- **Exercise goal**
Take the entries that follow and return exactly the lines from the one holding "Gereguleerde klep met" through the one holding "2003-2004 Pontiac Vibe", both included. Nothing else is needed.

#### Records to use

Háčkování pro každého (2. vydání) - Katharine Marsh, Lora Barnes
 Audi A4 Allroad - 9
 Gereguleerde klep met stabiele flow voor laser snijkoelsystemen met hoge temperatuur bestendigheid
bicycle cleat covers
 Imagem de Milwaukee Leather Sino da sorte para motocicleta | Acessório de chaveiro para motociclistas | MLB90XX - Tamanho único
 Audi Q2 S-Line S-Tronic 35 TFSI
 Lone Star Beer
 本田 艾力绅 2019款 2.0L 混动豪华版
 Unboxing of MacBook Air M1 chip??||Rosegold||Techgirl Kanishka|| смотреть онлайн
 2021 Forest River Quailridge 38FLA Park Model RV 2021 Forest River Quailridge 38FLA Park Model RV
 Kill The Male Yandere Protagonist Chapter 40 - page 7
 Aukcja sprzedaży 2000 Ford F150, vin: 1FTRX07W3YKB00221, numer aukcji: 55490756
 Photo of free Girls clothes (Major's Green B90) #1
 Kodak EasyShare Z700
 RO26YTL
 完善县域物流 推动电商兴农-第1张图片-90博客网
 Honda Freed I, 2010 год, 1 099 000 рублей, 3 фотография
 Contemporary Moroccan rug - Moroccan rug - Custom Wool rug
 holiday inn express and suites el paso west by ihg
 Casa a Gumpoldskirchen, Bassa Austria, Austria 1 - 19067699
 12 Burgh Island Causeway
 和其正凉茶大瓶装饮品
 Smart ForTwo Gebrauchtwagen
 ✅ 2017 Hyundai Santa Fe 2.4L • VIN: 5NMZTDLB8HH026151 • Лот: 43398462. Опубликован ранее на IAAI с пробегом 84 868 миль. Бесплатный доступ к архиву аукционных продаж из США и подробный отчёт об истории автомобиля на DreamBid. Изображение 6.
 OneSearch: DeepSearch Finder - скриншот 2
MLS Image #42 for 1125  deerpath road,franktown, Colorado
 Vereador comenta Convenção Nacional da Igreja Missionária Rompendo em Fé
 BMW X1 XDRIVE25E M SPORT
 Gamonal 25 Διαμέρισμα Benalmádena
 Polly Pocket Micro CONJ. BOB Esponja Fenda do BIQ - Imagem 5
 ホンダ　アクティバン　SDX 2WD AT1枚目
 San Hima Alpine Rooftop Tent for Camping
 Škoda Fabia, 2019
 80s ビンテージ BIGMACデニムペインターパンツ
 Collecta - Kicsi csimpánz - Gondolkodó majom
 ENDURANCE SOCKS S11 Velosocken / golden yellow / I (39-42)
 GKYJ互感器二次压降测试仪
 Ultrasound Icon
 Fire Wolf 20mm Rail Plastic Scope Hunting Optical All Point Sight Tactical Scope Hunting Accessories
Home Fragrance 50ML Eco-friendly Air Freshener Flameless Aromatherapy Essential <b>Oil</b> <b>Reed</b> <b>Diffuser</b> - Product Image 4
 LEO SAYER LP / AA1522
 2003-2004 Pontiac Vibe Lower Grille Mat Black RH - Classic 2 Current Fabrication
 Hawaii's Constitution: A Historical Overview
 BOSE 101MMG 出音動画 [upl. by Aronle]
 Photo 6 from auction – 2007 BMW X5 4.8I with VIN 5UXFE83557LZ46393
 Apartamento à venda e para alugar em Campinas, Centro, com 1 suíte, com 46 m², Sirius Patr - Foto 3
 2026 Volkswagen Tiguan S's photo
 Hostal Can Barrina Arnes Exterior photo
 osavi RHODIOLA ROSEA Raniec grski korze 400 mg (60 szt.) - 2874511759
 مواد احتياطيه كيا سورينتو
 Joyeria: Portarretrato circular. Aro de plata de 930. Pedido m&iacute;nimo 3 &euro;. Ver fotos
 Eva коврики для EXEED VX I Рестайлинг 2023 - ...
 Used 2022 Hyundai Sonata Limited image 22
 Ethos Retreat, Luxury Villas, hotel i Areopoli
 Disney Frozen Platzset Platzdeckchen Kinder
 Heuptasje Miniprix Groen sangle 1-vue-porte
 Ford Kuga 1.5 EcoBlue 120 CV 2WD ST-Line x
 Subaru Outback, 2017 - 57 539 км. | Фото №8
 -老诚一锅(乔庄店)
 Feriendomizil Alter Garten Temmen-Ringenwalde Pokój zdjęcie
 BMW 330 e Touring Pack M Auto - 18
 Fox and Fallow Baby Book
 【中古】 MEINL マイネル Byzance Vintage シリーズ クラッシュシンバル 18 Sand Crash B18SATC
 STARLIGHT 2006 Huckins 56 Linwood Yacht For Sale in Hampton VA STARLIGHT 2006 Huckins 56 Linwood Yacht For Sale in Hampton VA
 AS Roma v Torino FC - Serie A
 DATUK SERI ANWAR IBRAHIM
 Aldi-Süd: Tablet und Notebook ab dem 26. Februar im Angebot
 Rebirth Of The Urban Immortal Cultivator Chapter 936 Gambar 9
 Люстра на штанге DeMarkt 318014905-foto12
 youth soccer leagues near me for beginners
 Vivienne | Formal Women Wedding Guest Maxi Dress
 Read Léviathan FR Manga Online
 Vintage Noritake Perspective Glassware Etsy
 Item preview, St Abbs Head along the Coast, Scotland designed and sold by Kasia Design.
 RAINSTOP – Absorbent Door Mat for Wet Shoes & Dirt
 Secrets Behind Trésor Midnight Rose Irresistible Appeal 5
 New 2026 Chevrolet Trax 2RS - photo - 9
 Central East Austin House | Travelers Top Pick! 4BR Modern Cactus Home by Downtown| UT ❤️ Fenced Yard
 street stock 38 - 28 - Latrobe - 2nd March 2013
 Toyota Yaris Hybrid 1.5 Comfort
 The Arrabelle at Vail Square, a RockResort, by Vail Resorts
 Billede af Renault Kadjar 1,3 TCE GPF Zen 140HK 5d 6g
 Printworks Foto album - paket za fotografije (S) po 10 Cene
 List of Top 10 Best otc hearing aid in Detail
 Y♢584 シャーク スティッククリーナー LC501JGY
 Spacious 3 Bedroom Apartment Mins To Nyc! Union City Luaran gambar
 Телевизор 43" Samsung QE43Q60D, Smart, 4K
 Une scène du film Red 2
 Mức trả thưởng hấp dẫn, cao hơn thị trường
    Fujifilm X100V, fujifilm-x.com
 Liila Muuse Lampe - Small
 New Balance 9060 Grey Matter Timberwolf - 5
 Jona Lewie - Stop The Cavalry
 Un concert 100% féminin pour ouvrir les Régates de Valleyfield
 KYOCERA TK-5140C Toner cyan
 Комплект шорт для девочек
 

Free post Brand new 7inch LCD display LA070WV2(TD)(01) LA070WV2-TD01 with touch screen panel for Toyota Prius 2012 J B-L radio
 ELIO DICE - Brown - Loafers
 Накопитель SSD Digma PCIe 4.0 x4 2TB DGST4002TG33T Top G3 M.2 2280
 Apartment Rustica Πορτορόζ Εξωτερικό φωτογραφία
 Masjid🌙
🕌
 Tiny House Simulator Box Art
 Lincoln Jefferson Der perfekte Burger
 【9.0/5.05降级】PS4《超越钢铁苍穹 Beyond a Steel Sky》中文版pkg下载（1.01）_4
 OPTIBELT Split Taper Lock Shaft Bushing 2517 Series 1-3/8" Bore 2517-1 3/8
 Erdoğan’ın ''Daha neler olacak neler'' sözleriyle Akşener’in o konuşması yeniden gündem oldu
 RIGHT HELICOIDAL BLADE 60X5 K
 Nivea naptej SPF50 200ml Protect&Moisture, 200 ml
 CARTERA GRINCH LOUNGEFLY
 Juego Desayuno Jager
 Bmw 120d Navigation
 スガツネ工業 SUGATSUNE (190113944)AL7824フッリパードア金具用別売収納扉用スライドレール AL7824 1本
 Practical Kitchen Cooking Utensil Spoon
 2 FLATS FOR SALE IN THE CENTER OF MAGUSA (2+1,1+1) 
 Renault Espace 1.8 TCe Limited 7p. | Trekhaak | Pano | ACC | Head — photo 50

########

- **Solution to the exercise**
 Gereguleerde klep met stabiele flow voor laser snijkoelsystemen met hoge temperatuur bestendigheid
bicycle cleat covers
 Imagem de Milwaukee Leather Sino da sorte para motocicleta | Acessório de chaveiro para motociclistas | MLB90XX - Tamanho único
 Audi Q2 S-Line S-Tronic 35 TFSI
 Lone Star Beer
 本田 艾力绅 2019款 2.0L 混动豪华版
 Unboxing of MacBook Air M1 chip??||Rosegold||Techgirl Kanishka|| смотреть онлайн
 2021 Forest River Quailridge 38FLA Park Model RV 2021 Forest River Quailridge 38FLA Park Model RV
 Kill The Male Yandere Protagonist Chapter 40 - page 7
 Aukcja sprzedaży 2000 Ford F150, vin: 1FTRX07W3YKB00221, numer aukcji: 55490756
 Photo of free Girls clothes (Major's Green B90) #1
 Kodak EasyShare Z700
 RO26YTL
 完善县域物流 推动电商兴农-第1张图片-90博客网
 Honda Freed I, 2010 год, 1 099 000 рублей, 3 фотография
 Contemporary Moroccan rug - Moroccan rug - Custom Wool rug
 holiday inn express and suites el paso west by ihg
 Casa a Gumpoldskirchen, Bassa Austria, Austria 1 - 19067699
 12 Burgh Island Causeway
 和其正凉茶大瓶装饮品
 Smart ForTwo Gebrauchtwagen
 ✅ 2017 Hyundai Santa Fe 2.4L • VIN: 5NMZTDLB8HH026151 • Лот: 43398462. Опубликован ранее на IAAI с пробегом 84 868 миль. Бесплатный доступ к архиву аукционных продаж из США и подробный отчёт об истории автомобиля на DreamBid. Изображение 6.
 OneSearch: DeepSearch Finder - скриншот 2
MLS Image #42 for 1125  deerpath road,franktown, Colorado
 Vereador comenta Convenção Nacional da Igreja Missionária Rompendo em Fé
 BMW X1 XDRIVE25E M SPORT
 Gamonal 25 Διαμέρισμα Benalmádena
 Polly Pocket Micro CONJ. BOB Esponja Fenda do BIQ - Imagem 5
 ホンダ　アクティバン　SDX 2WD AT1枚目
 San Hima Alpine Rooftop Tent for Camping
 Škoda Fabia, 2019
 80s ビンテージ BIGMACデニムペインターパンツ
 Collecta - Kicsi csimpánz - Gondolkodó majom
 ENDURANCE SOCKS S11 Velosocken / golden yellow / I (39-42)
 GKYJ互感器二次压降测试仪
 Ultrasound Icon
 Fire Wolf 20mm Rail Plastic Scope Hunting Optical All Point Sight Tactical Scope Hunting Accessories
Home Fragrance 50ML Eco-friendly Air Freshener Flameless Aromatherapy Essential <b>Oil</b> <b>Reed</b> <b>Diffuser</b> - Product Image 4
 LEO SAYER LP / AA1522
 2003-2004 Pontiac Vibe Lower Grille Mat Black RH - Classic 2 Current Fabrication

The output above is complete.